No answers for CQ public why youth lit Cobraball fire

THE public may never know why a Capricorn Coast youth lit a fire that ended up destroying 41 structures including 15 homes and 12,000 hectares of vegetation.

However, some of the fire victims may have a chance to express themselves to the teenager through the restorative justice process.

Police announced last Thursday they had dealt with a 16-year-old male in relation to this fire which started on November 9 at 12.30pm.

The Morning Bulletin today confirmed the teen had been placed on a Restorative Justice Order - which can only be handed out by police if the offender has no criminal history and admits guilt.

He has not been charged with any offences.

Meanwhile, two teens accused of lighting a fire that ripped through a Sunshine Coast suburb, forcing mass evacuations, have been charged but no media outlet will be able to report the court process.

Under Queensland law, Children's Court matters are held before a magistrate in closed court unless permission is given to the media to attend.

Media can be given entry only if the court believes it would not prejudice the child's interests.

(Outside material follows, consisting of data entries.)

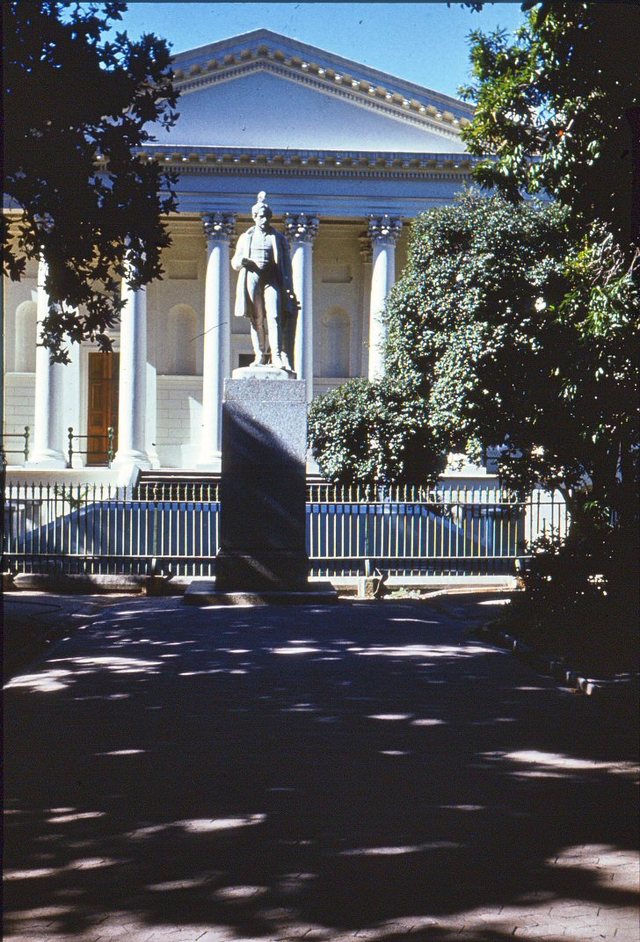 Cape Town - muzeum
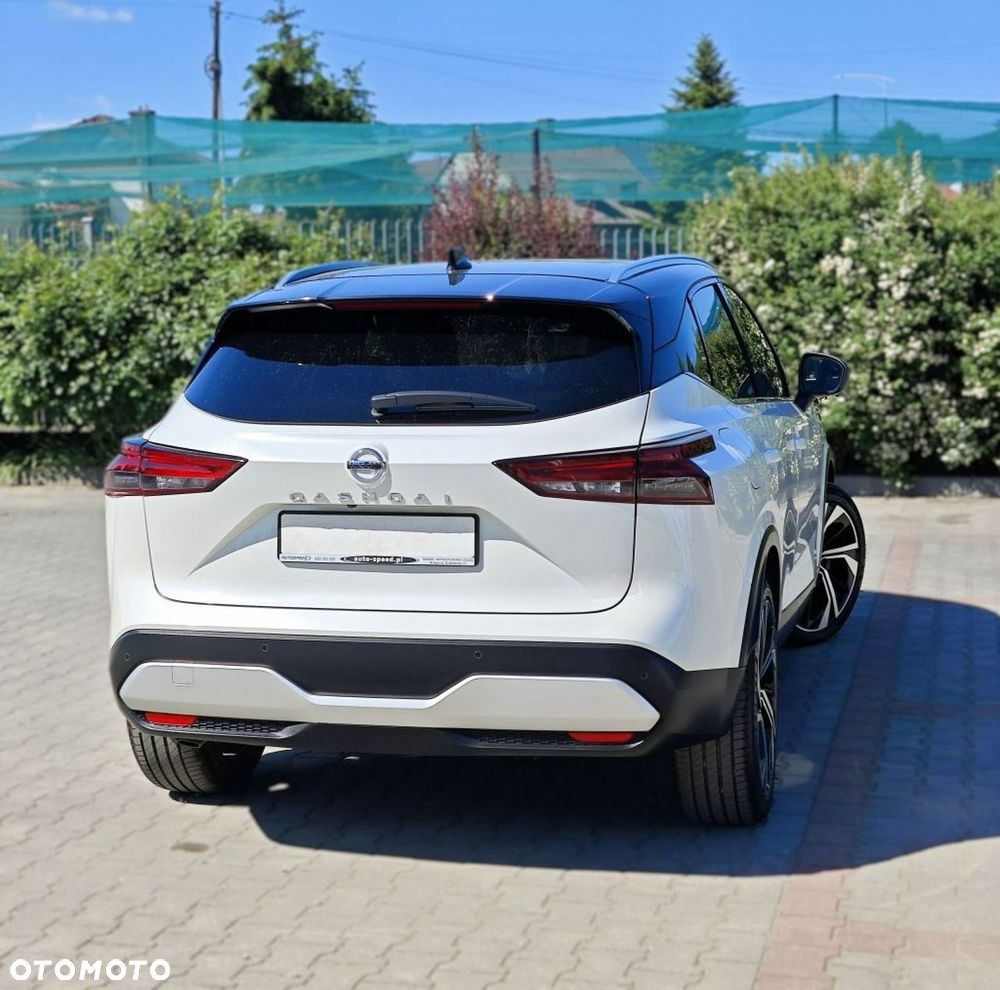 Nissan Qashqai - 4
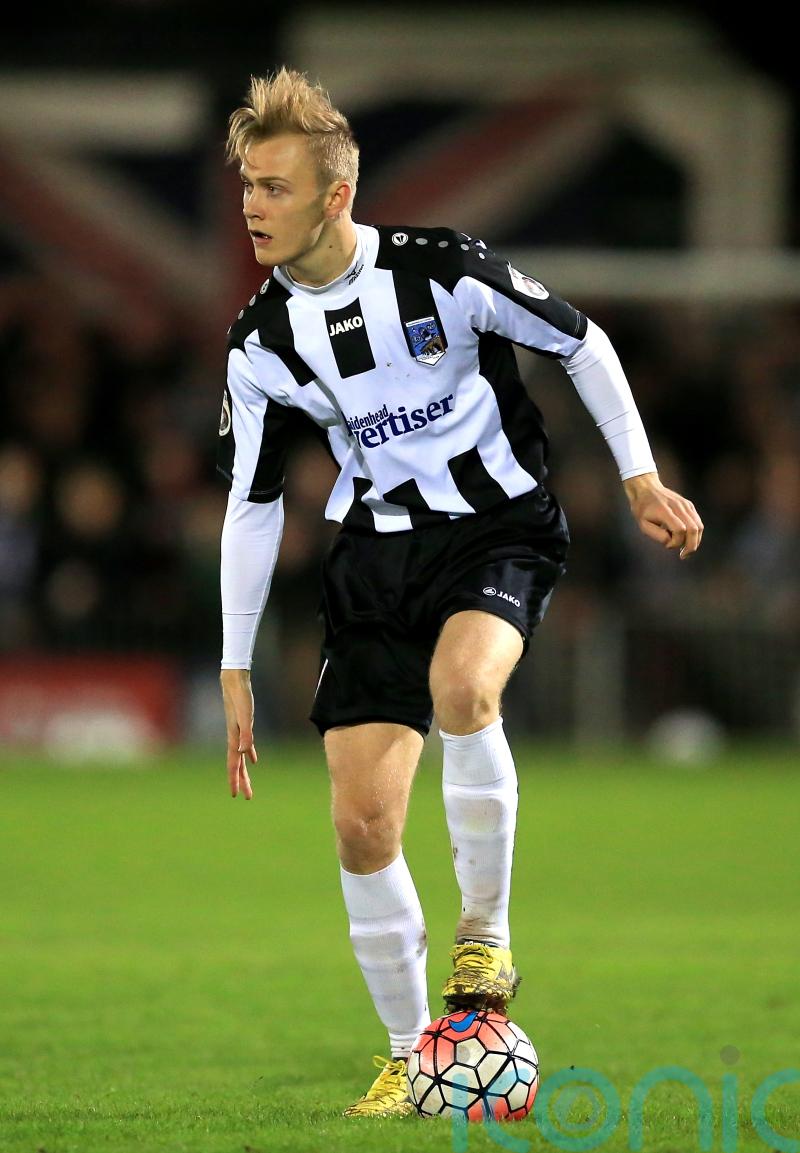 Maidenhead dent Solihull Moors&rsquo; play-off push with victory at York Road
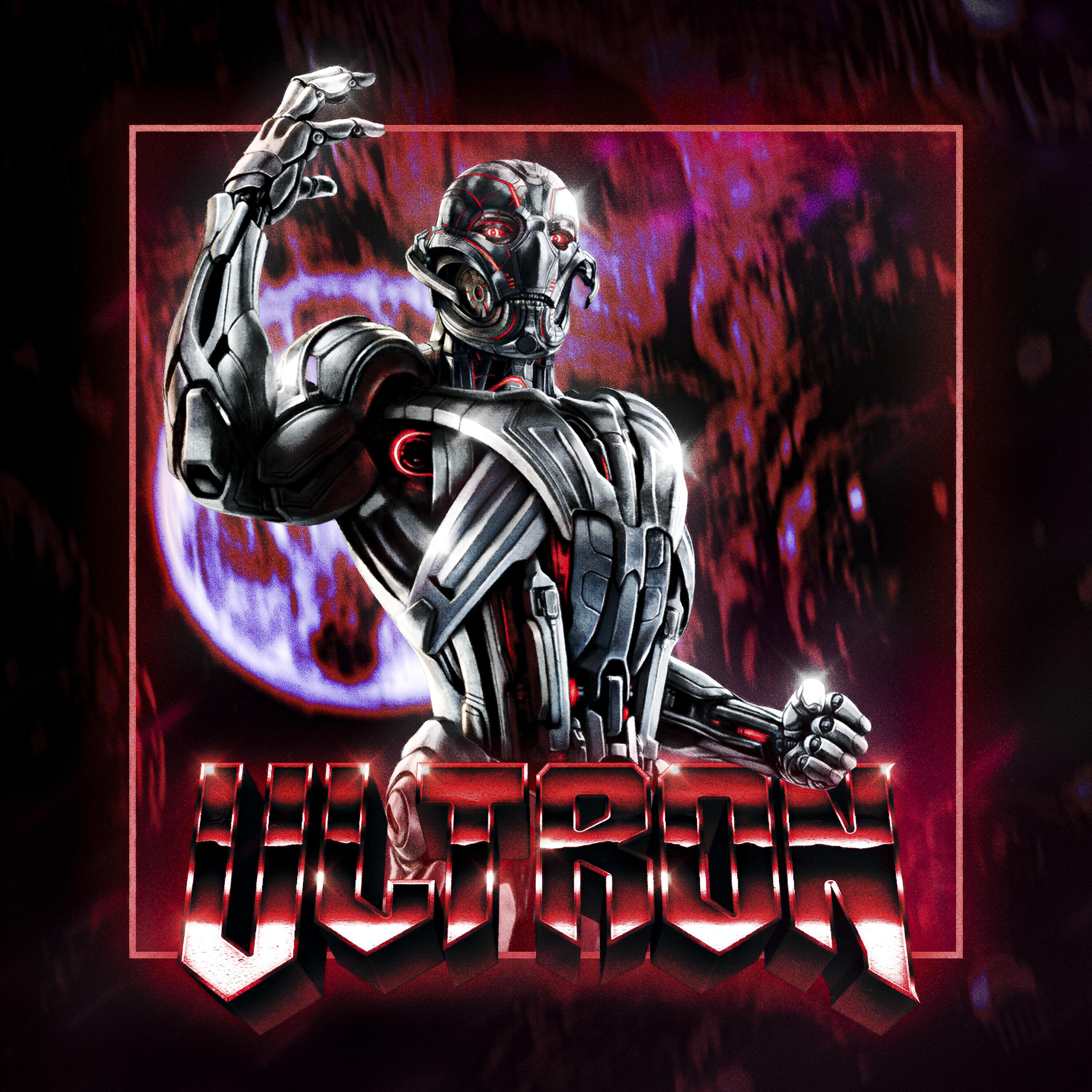 Релиз Ultron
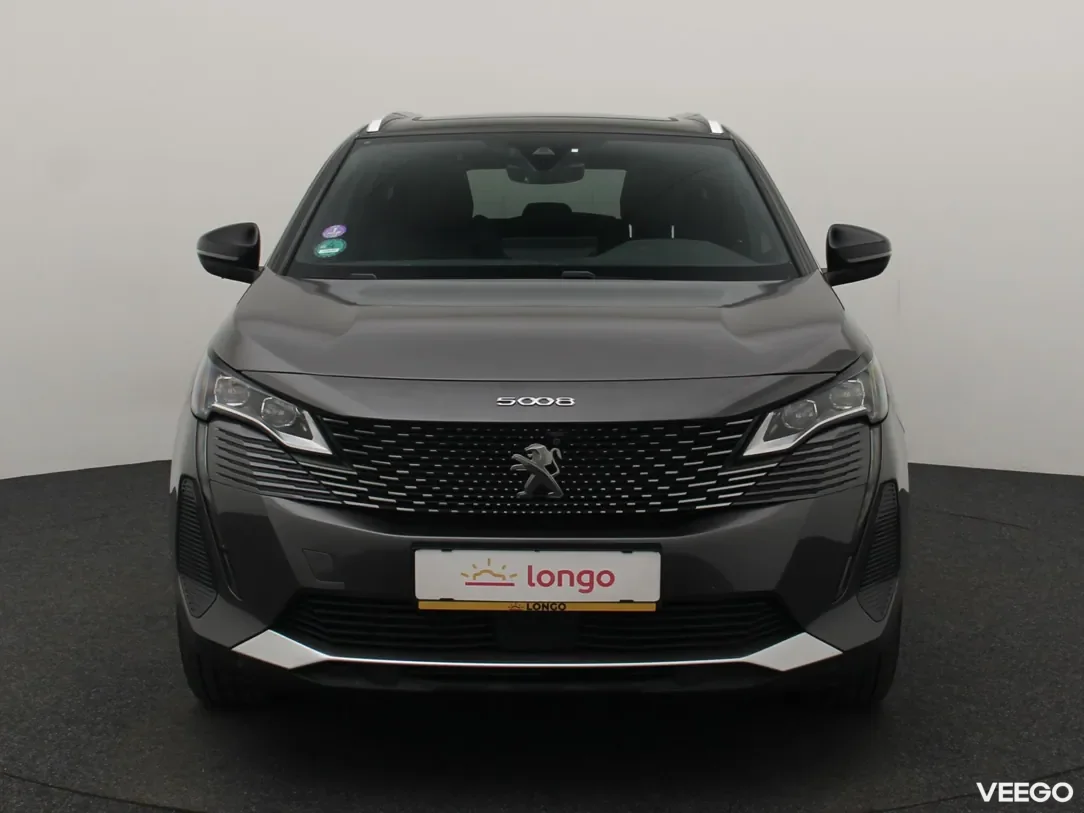 Peugeot 5008 1.2 96kW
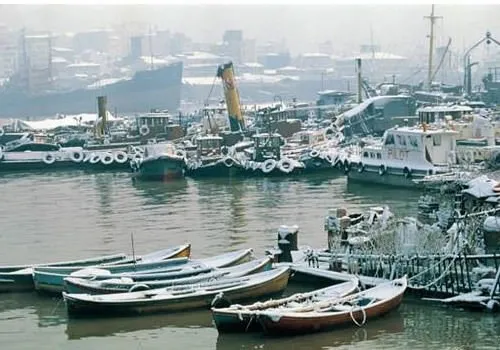 İstanbul'un 'vay be' dedirten fotoları!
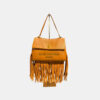 Bolso Ecológico Marrón RUE MADAME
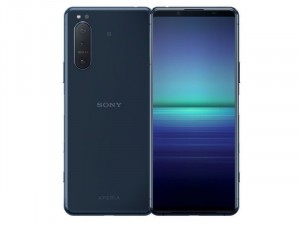 Sony Xperia 5 II 128GB 8GB DualSim Kék Okostelefon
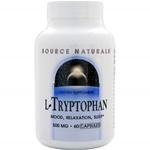 L-Tryptophan 60 caps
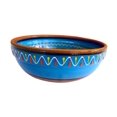 thumbnail image 4 of Cactus Canyon Ceramics Spanish Terracotta Deep Serving Dish, 4 of 4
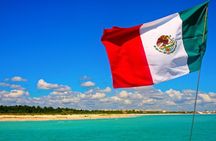 Isla Contoy & Isla Mujeres All inclusive with Buffet & open Bar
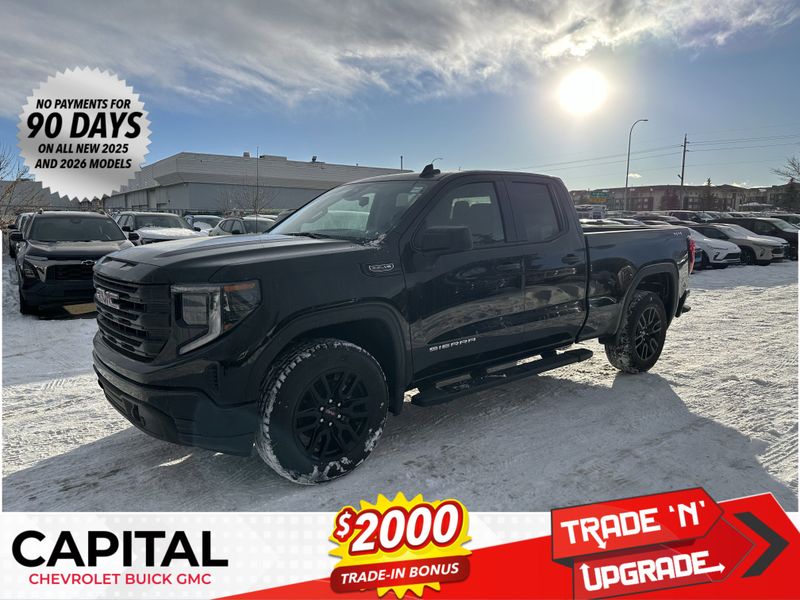 2026 GMC Sierra 1500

That is on top of laws making it an offence to identify children in the proceedings.

Six media organisations applied for access to the Children's Court to cover the committal hearing of a 14-year-old boy and 15-year-old girl accused of deliberately lighting a fire on September 9 that destroyed or damaged homes at Peregian Beach, charged with endangering particular property by fire.

While the victims of that fire won't get answers this week, they could get answers if the children are ordered to stand trial in the District Court at a date to be set - most likely in six months to a year's time.

Meanwhile, Livingtone Shire fire victims could get some answers before Christmas if the restorative justice process is enacted quickly.

Many juvenile offenders who have been subject to the restorative justice process that have been sentenced in the Rockhampton District Court have had either face-to-face meetings with victims, or had a victim impact statement read to them, as part of the process.

According to the Queensland Government website about the orders, a Restorative Justice Order is a process used in response to criminal behaviour and examines the impact on society: the harm caused to victims, family relationships and the community.

The purpose is to provide a safe environment where everyone involved can talk about what happened and what needs to happen to start to making things right.

In April, Youth Justice minister Di Farmer said: "Of the young people who go through Transition 2 Success programs or restorative justice conferencing, almost 6 out of 10 don't go on to reoffend."

The Children's Court of Queensland Annual Report 2017-18 showed of those offenders and victims that participated in the restorative justice process, 97 per cent resulted in an agreement and 95 per cent who responded to a sat­isfaction survey were satisfied with the process and the outcome.

Queensland wide, the program received 2273 referrals in 2017-18 compared to 2110 in 2016-17.

A total of 1617 referrals were conferenced in 2017-18 compared to 1378 conferences in 2016-17.